# Fish Oil - odor



## Pineapple Princess (Nov 20, 2009)

Ok, so this morning I bought Hobie what looked like an excellent skin & coat supplement oil from California Naturals. Omega 3s, flaxseed oil, vitamins, garlic etc.

I mixed 1/4 tsp in with her dry food and now an hour later she REEKS like garlic and some kind of other stinky smell. I am gagging just being in the room with her. 

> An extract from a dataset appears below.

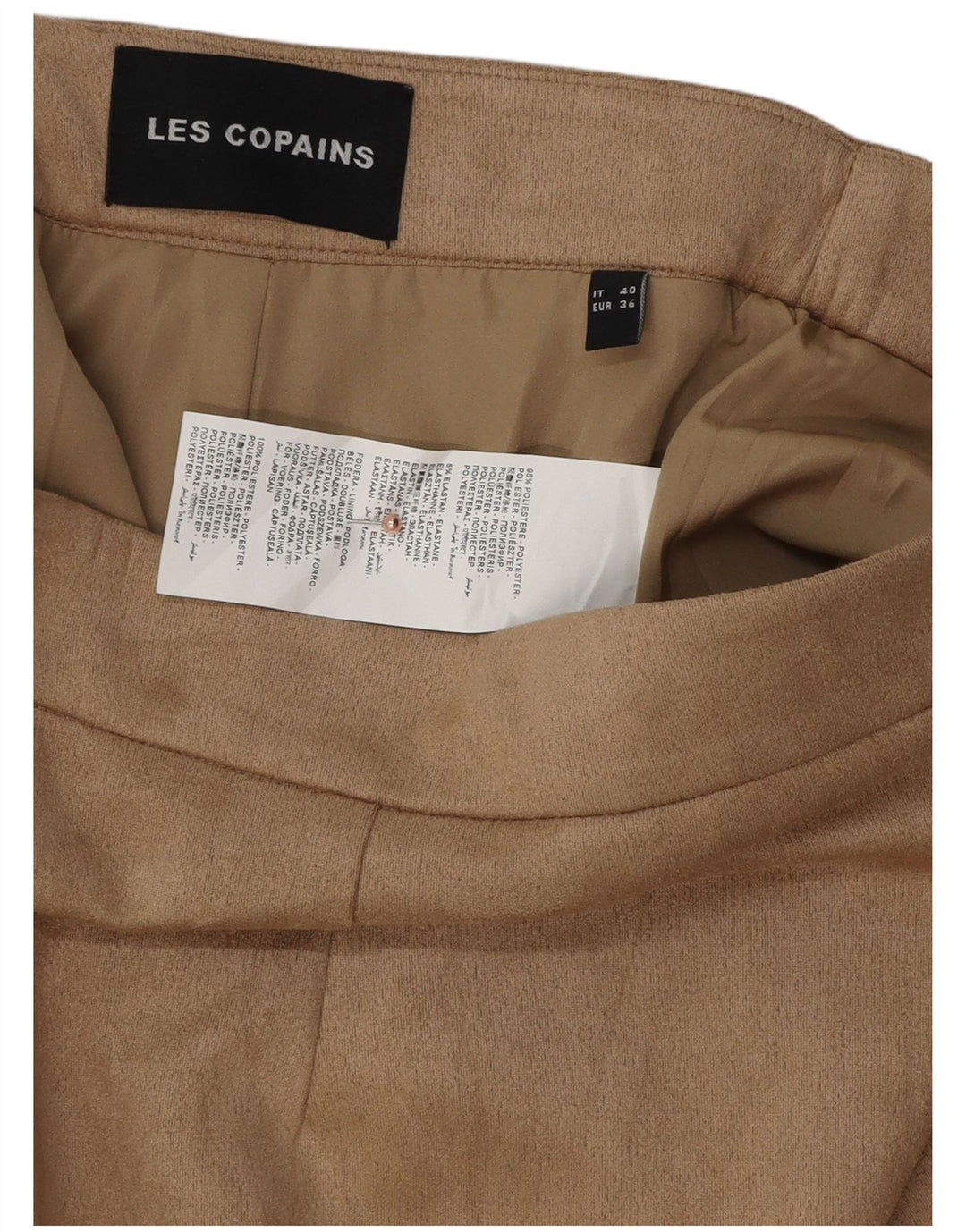 Damska spódniczka mini z niskim stanem Les Copains IT 40 Small W30 Beżowy poliester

Has anyone experienced this??? I want her coat to be shiny & healthy but I can't take this smell. I don't know if it's her breath or if it's just permeating out of her.


----------



## gunnr (Aug 14, 2009)

It will go away in time. Kind of like eating garlic humus for humans. The product you're using sounds a little like the Omega Fields Horseshine product for equines.
If you're open to an alternative, just try some inexpensive generic fish oil capsules from the health food store. I gave the girls 1000 mg. a day for the first few months I had them to get their coats back up to snuff.


----------



## Crazy Kian (Aug 10, 2009)

We use an Omega-3 fatty acid liquid supplement that his vet recommended. He gets the odd smell from his mouth usually, it comes and goes.
Today for some reason I have really noticed it.
A friend of mine who has a 2 yr old V has started to oach fish (salmon) and mix the meat in his V's kible with a bit of water. Apparently his dog loves it and he has noticed a nicer coat.
I think we'll try this once we finish the supplement.


----------



## Pineapple Princess (Nov 20, 2009)

It did go away after a little while - and I do think it was her breath. ;D

I'm gonna give it some time and see how it goes - if it's unbearable we'll explore other options. 

Thanks!!


----------